# Description of the task:
Which lines run from the one containing "an empty room" to the end of the entries? Copy them exactly, both ends included, and give nothing else.

# Input data:
_____

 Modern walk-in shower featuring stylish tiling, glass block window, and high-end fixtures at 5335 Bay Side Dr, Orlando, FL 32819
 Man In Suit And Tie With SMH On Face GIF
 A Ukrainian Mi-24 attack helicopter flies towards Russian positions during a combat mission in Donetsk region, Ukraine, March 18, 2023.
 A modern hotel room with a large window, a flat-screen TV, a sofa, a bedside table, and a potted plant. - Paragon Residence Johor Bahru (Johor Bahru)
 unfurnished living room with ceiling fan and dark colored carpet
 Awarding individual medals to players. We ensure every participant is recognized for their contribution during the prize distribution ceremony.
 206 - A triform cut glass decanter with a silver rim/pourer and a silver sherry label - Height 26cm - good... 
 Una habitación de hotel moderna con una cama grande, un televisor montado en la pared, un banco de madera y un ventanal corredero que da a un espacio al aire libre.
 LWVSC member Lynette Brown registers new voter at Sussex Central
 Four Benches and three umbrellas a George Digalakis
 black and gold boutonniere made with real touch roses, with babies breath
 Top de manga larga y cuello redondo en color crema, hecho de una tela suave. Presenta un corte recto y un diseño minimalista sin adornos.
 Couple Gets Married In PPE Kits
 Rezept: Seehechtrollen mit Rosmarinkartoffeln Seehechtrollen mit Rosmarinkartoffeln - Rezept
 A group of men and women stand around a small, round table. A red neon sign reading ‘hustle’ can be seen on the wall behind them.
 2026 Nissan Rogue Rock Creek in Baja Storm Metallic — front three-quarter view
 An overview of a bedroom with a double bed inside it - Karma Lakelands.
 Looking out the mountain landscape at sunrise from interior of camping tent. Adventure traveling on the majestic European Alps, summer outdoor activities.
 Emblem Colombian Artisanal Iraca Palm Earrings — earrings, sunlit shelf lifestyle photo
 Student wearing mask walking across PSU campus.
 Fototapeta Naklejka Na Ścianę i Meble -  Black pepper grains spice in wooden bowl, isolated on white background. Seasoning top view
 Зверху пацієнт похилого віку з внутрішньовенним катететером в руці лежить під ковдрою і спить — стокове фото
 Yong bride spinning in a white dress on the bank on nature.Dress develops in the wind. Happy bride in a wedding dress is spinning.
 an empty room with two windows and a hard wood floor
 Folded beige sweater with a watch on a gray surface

_____

# Task output:
 an empty room with two windows and a hard wood floor
 Folded beige sweater with a watch on a gray surface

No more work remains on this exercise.